Leonard Berberi per il “Corriere della Sera”
agron shehaj
Sguardo verso l'obiettivo, giubbotto grigio, un orologio di plastica al polso sinistro e due dita alzate con la mano destra in segno di esultanza. Marzo 1991, stazione ferroviaria di Monguelfo (Bolzano). «Sono io, avevo 13 anni. Lo scatto è di Guido Perini, un fotografo del posto che si trovava lì per documentare l' arrivo di un gruppo di migranti albanesi», dice Agron Shehaj mostrando l' immagine.

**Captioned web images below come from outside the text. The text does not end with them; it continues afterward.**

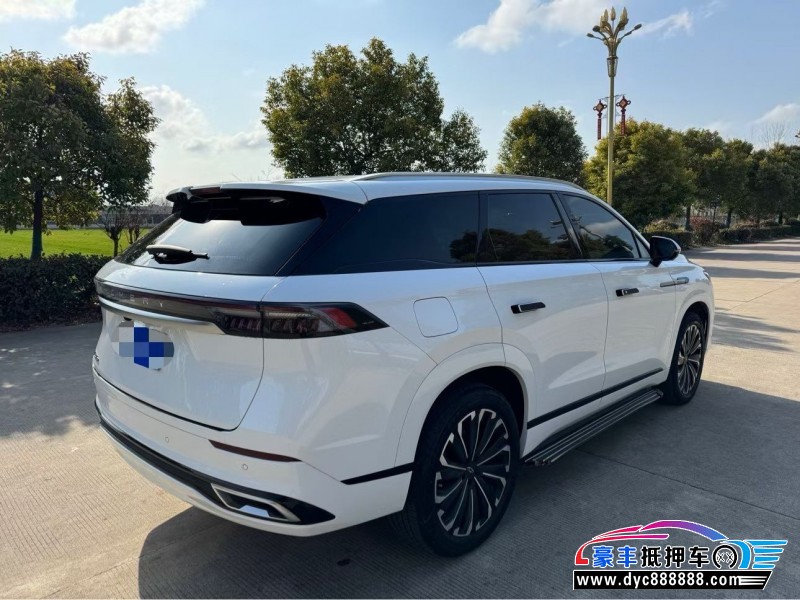 24年奇瑞瑞虎轿车抵押车出售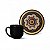 6 Xícaras de café coup eufrates/tigre 112 ml - Imagem 2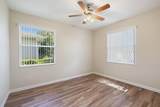 3120 Anthem Way - Photo 23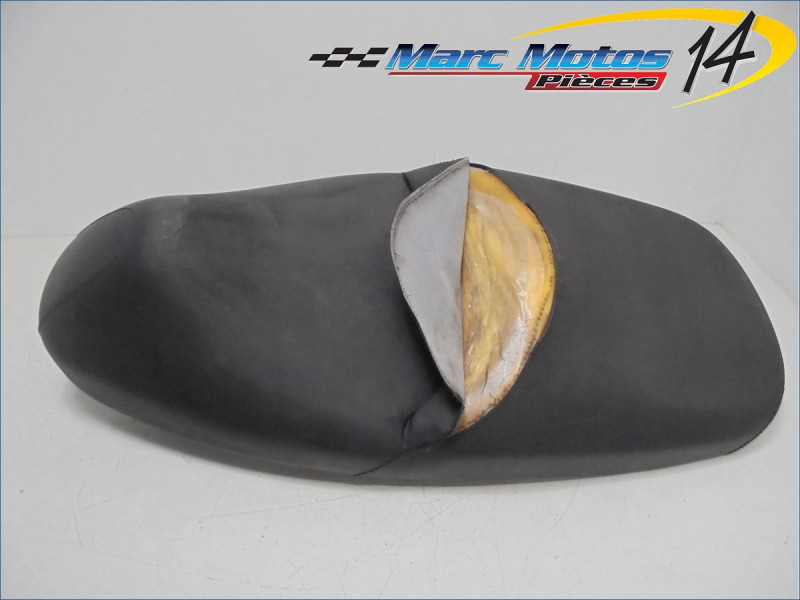 SELLE BIPLACE HONDA 125 PANTHEON 2006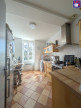 location Appartement Pamiers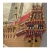 Artesania Latina 22902 - Vasa Swedish Warship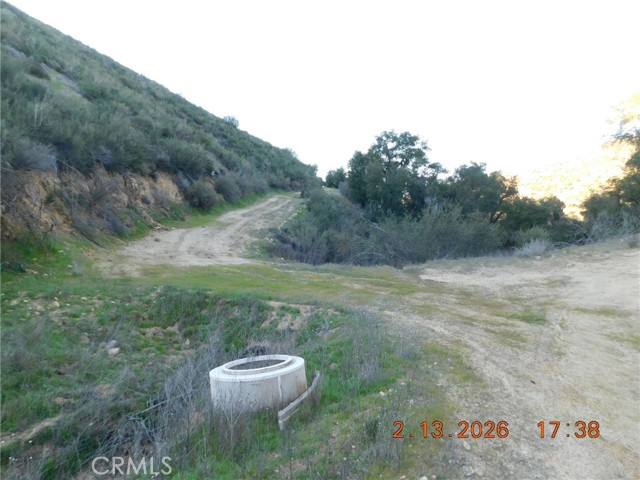 Detail Gallery Image 61 of 68 For 0 Stage Coach Rd Rd, Santa Margarita,  CA 93453 - – Beds | – Baths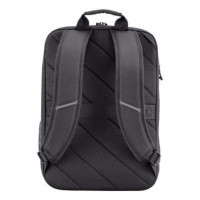 Mochila HP Travel 6B8U7AA para Portátiles hasta 15.6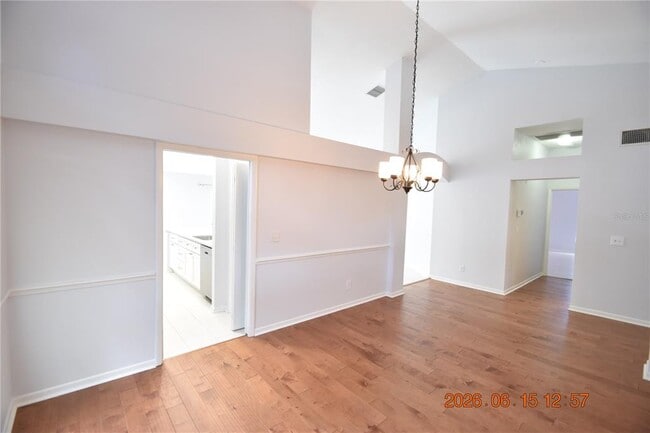 Building Photo - 9304 Heritage Oak Ct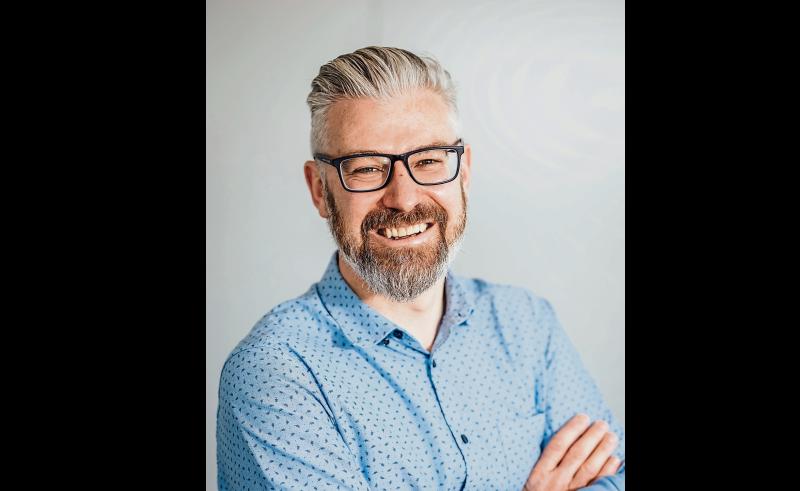 Green Limerick: Fund fuels blue economy research 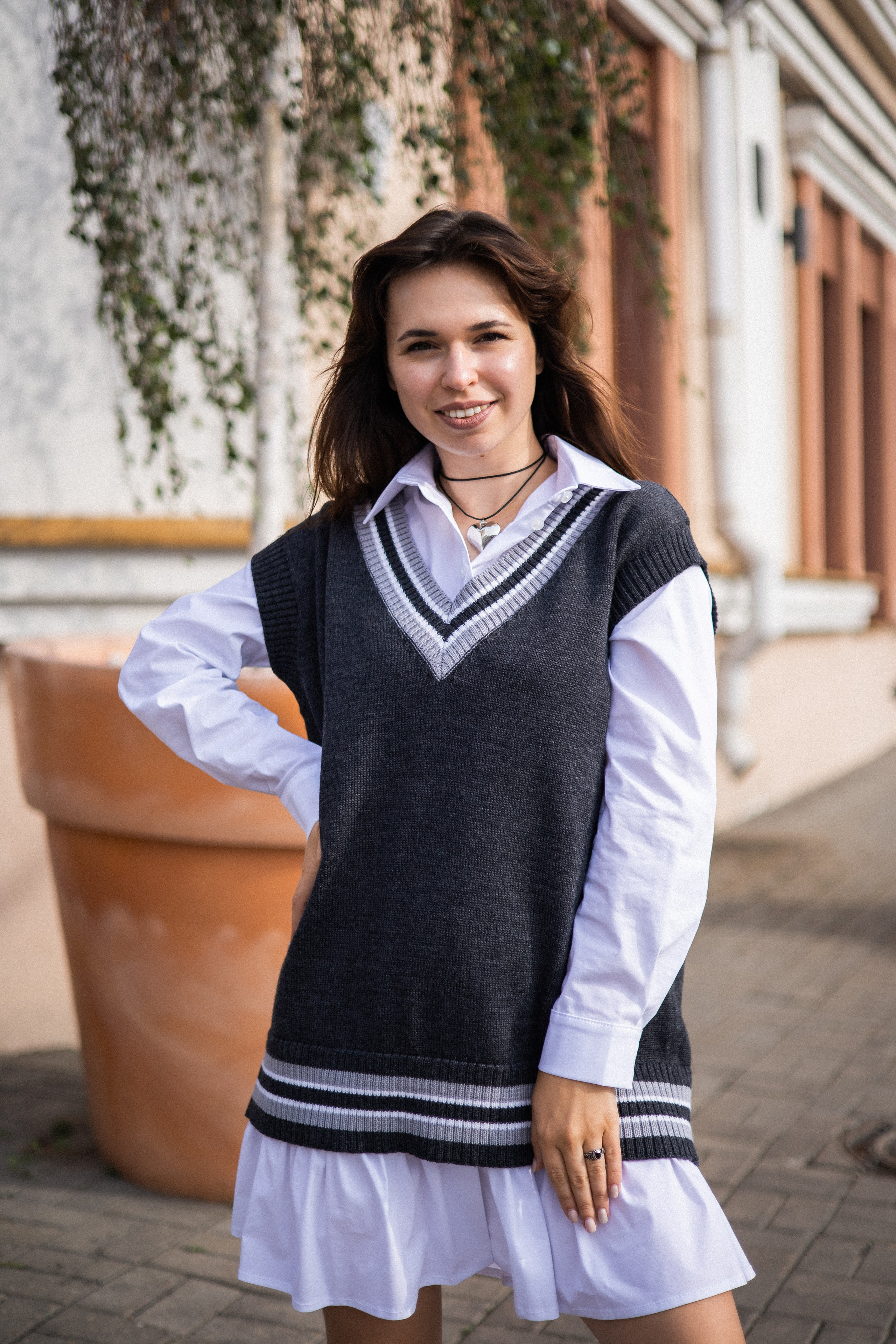 Локации в Минске. Светлана Ванцлав — фотограф Минск, Беларусь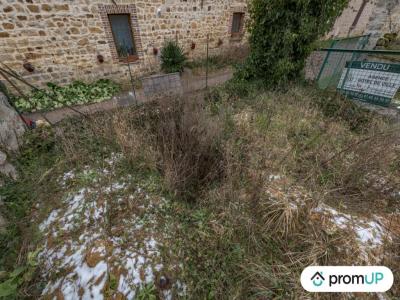 For sale Montmachoux 551 m2 Seine et marne (77940) photo 2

Un quarto di secolo dopo quel bambino fuggito con la famiglia da Valona è diventato uno dei «padroni» dei call center d' Europa, Intercom Data Service (IDS), quindici uffici sparsi in Albania, oltre tremila dipendenti - «quasi tutti del posto, qualche italiano e un inglese» -, clienti del Belpaese, 20 milioni di euro all' anno di fatturato e quartier generale al «Bllok», pieno centro di Tirana, un tempo il quartiere blindato che ospitava il dittatore comunista e i suoi «delfini».
AGRON SHEHAJ
Lui, Agron, appartiene alla prima ondata migratoria degli albanesi. «Sono sbarcato a Brindisi dopo un lungo viaggio su una nave militare albanese», ricorda. «Abbiamo tentato di entrare all' ambasciata italiana a Tirana per chiedere asilo politico, solo che quel giorno l' edificio era chiuso. Siamo tornati a Valona e abbiamo aspettato l' occasione migliore».

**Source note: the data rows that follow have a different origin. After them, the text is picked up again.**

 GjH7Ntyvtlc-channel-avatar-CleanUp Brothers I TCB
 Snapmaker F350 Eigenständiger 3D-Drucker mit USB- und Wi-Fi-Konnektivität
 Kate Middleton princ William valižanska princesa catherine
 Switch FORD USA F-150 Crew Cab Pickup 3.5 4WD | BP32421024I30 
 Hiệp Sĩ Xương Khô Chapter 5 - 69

L'opportunità s'è concretizzata in un'imbarcazione arrugginita. «In viaggio eravamo io, mamma, papà, il fratellino più piccolo e un altro centinaio di connazionali», continua. Una lunga traversata. «Ma a noi bimbi ci hanno messi nelle cuccette a dormire. Mi sono svegliato con gli elicotteri sopra e la banchina del porto di Brindisi davanti».

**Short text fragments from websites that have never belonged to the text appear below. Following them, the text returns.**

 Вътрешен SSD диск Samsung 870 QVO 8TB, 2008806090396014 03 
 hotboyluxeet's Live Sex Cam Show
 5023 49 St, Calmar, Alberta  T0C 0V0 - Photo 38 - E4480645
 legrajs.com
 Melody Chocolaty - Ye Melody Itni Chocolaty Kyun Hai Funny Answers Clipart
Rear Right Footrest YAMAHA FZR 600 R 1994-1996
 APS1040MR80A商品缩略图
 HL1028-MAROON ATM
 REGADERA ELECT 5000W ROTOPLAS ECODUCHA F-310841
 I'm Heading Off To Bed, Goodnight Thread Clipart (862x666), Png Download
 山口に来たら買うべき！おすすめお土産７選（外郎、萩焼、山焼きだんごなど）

Poche ore dopo la famiglia era già su un treno. Direzione Nord Italia. «Ci hanno fatti scendere a Monguelfo e l'accoglienza è stata incredibile: decine di persone del posto ci davano cibo e vestiti. Qualche giorno dopo un signore ha fermato per strada me e il fratellino e ci ha regalato una bici: "Prendetela, è vostra", ha detto». Un anno fa, poco più su, è successo qualcosa di simile. «Quando i profughi siriani sono stati accolti alla stazione di Monaco di Baviera dai tedeschi con tanti regali ho rivisto le stesse scene dell' Alto Adige».
AGRON SHEHAJ
E l'impatto con il posto? «Un paradiso! C' era un ordine mai visto, tutto era pulito, tutto era curato, tutto era bello. Il contrario dell' Albania». Tre mesi dopo la famiglia di Agron si trasferisce a Bolzano. Poi il ragazzo si sposta a Firenze per studiare Economia e commercio all' università. «In attesa di discutere la tesi ho fatto alcuni colloqui per lavorare in banca a Milano e ho pensato che avesse senso aprire un call center in Albania dopo aver visto cosa facevano gli indiani per le aziende americane».
call center
Gli albanesi parlano l'italiano, si è detto Agron, il costo del lavoro è molto più basso, perché non offrire il servizio alle aziende che si trovano dall' altra parte dell' Adriatico? Nasce così, ed è il novembre 2005, IDS, il call center che ha messo in crisi quelli con sede in Italia. «Però ho i miei limiti», precisa il proprietario. «Le mie linee telefoniche non devono fornire servizi che danneggiano le persone». Allora niente contratti con aziende che offrono servizi vietati ai minori, cartomanzia, gioco d' azzardo o investimenti finanziari rischiosi.
CALL CENTER IN ALBANIA
Negli ultimi tempi investe anche sul digitale. Su «Local Web» (si occupa di promuovere le aziende e vendere i loro servizi e prodotti e che opera sia qui sia nel Regno Unito), su «Chebuoni.it» e «Homepal». L'Albania, sostiene, «è migliorata molto, ma resta tanta strada da fare». Mai pensato alla politica? «No, grazie. Si può fare bene alla collettività anche nel privato, creando posti di lavoro», taglia corto.
Sposato con una connazionale («presto prenderà anche lei il passaporto italiano»), due figli, ha deciso di trasferirsi a Milano. «Ma in famiglia si parla albanese: i bimbi sono nati in Italia, la loro lingua principale è l' italiano, ma devono conoscere anche quella dei genitori». Perché le origini, ecco, non vanno mai dimenticate.